##### MATERIALS PROVIDED

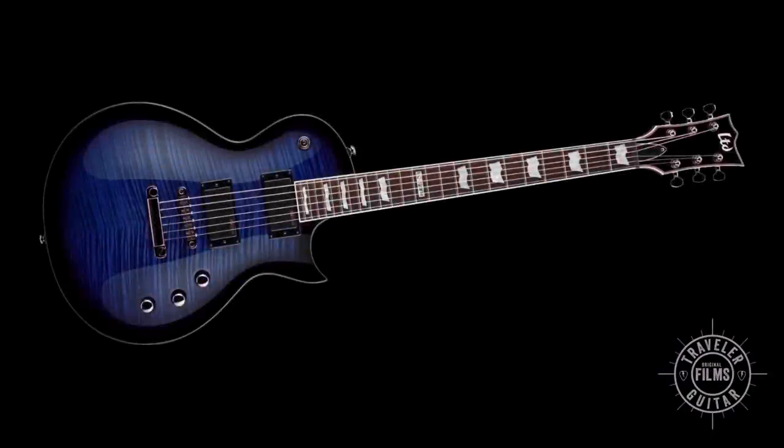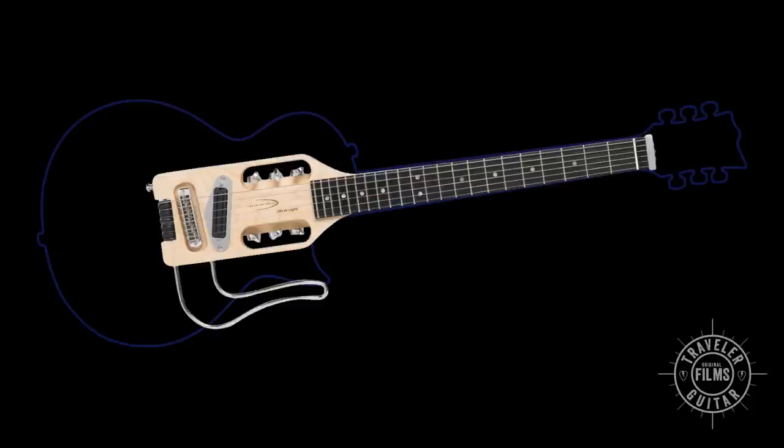This is a standard size electric guitar, and you have the Ultralight right here. As you can see, this is way more portable and it has the same scale.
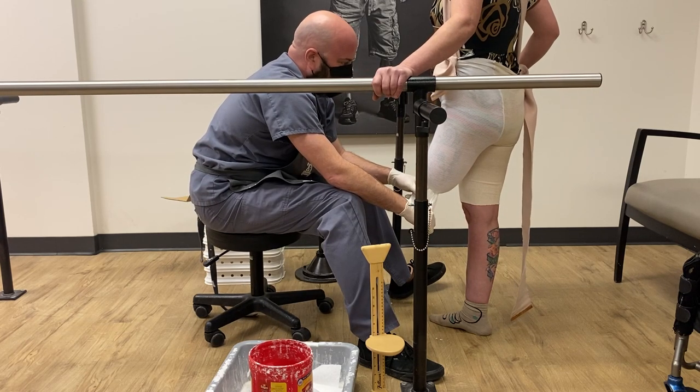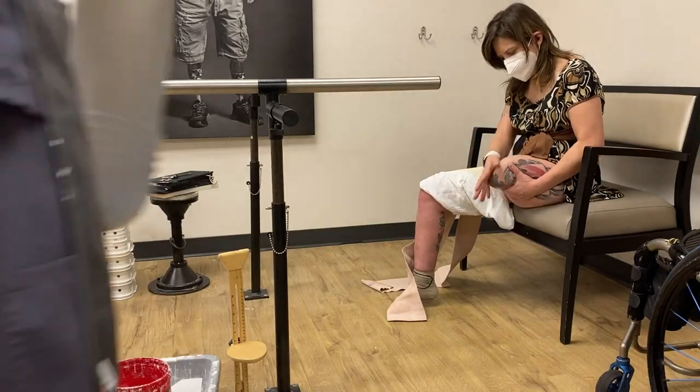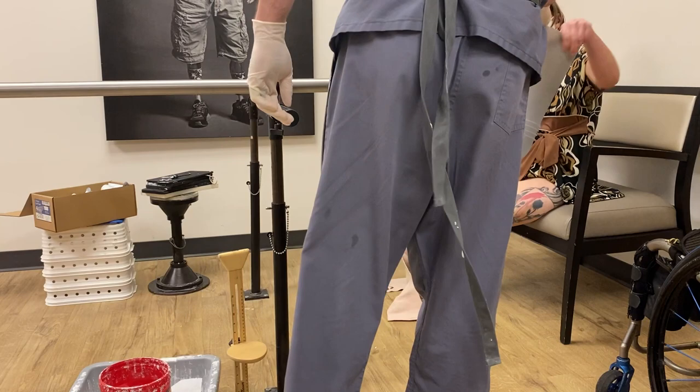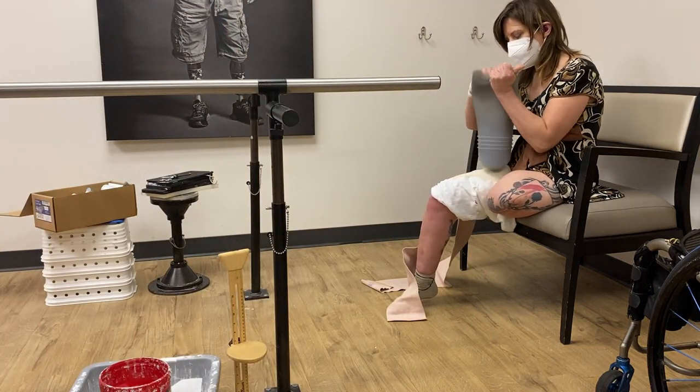We're not doing the skin fit one this way — we need to put your liner on. Put this on and mark it, and just cut it. We're gonna have to cut it.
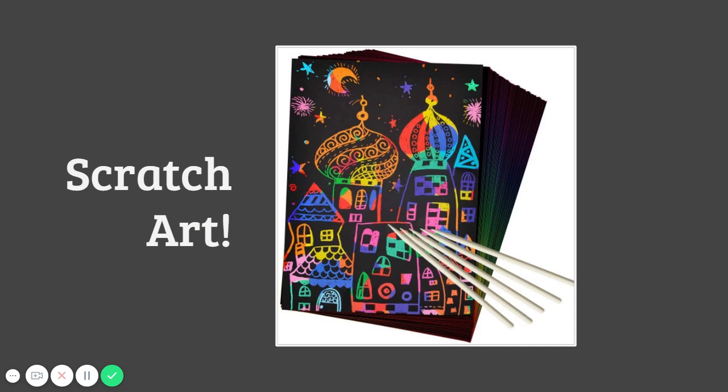If you've done scratch art in the past, maybe at home or at school, this might be what you're used to seeing. You can get a kit like this on Amazon, and if you wanted to make your own there are tutorials online on how to make scratch art paper similar to this. Today we're going to use CDs instead as our canvas, so that nice shiny backing on the CD is what will come shining through when we chip away at the black paint.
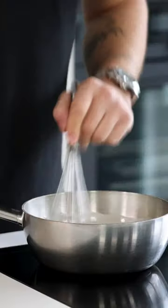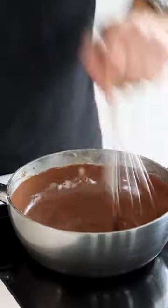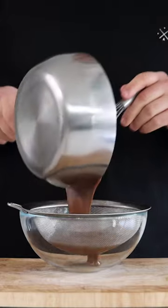Now mix this well, and then while stirring, bring it to a boil. After that, turn off the heat and add 100 grams of dark chocolate. Mix it till the chocolate is dissolved, and then pass it through a fine sieve.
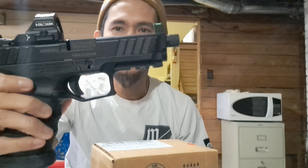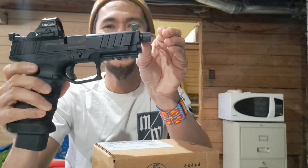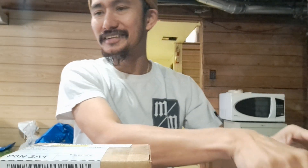Okay, what do we got here? Last piece. Let's put this away. Where's my knife? Get that away for now.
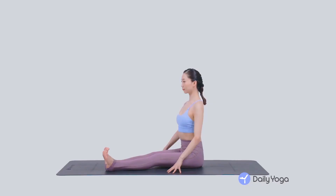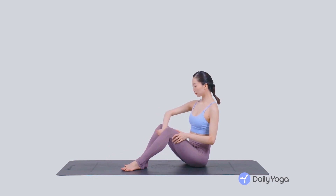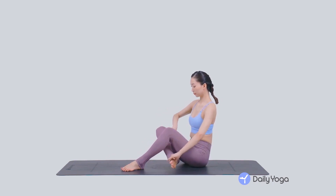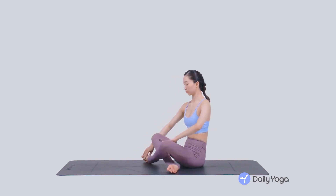Sukhasana, easy pose. Begin in staff pose. Inhale, bend the knees, planting the feet. Exhale, cross the shins, coming to a cross-legged seated position.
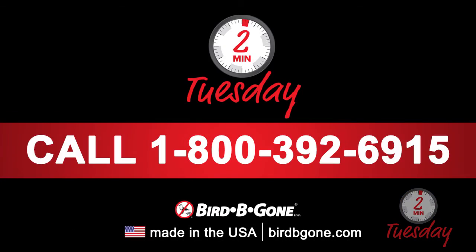Thank you for watching. If you have any questions about this or need additional assistance, please call our office at 1-800-392-6915 or visit burbegon.com.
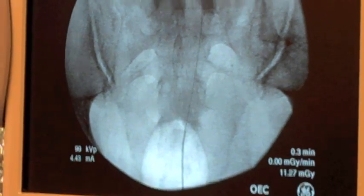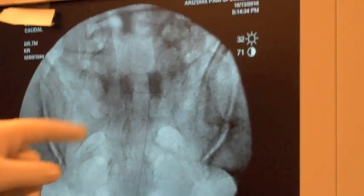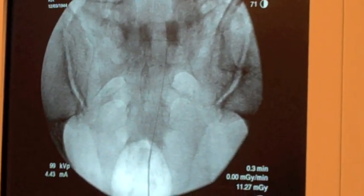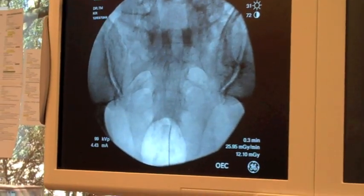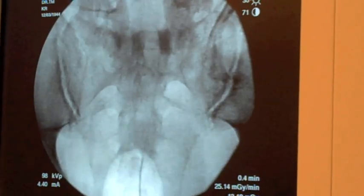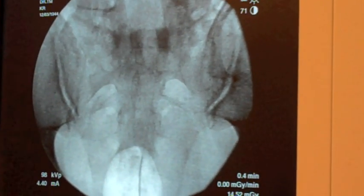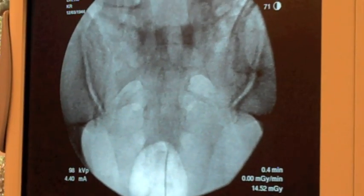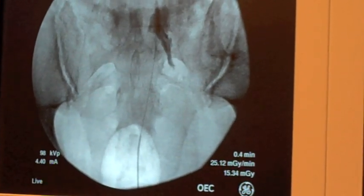You can see there's been previous surgery in this patient with a laminectomy right here, and it looks like a spacer device right here. We're going to steer left, and you're going to see some contrast coming out on the screen.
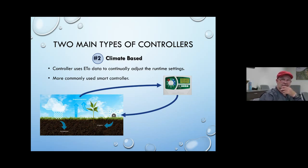There are two main types of controllers being sold as smart controllers right now. They're both kind of climate-based controllers that use ET data and continually adjust run times. They're sensing what's going on — whether it rained, whether it was sunny, whether it was hot — and your irrigation schedule, if you put one in, can be modified with increases or decreases based on whether the plants need more or less water.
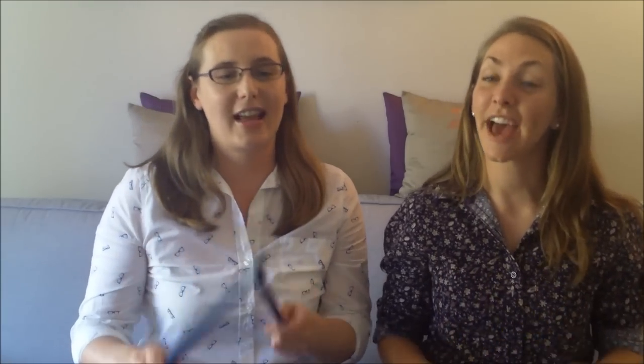Bread and butter, marmalade and jam, let's tap our sticks as loud as we can. Bread and butter, marmalade and jam, let's tap our sticks as nice as we can.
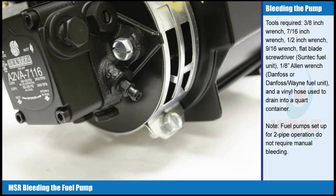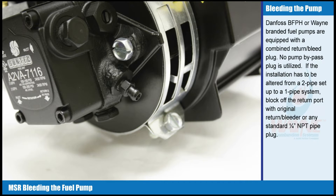Fuel pumps set up for two-pipe operation do not require manual bleeding. Danfoss BFPH or Wayne branded fuel pumps are equipped with a combined return bleed plug. No pump bypass plug is utilized. If the installation has to be altered from a two-pipe setup to a one-pipe system, block off the return port with the original return bleeder or any standard 1/4 inch NPT pipe plug.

##########

### YOUR TASK
Repeat exactly, and only, the entries from the line with "Okay, what do" through the line with "Sukhasana, easy pose.". Pictures are skipped.

### ANSWER SPACE
Okay, what do we got here? Last piece. Let's put this away. Where's my knife? Get that away for now.
Sukhasana, easy pose. Begin in staff pose. Inhale, bend the knees, planting the feet. Exhale, cross the shins, coming to a cross-legged seated position.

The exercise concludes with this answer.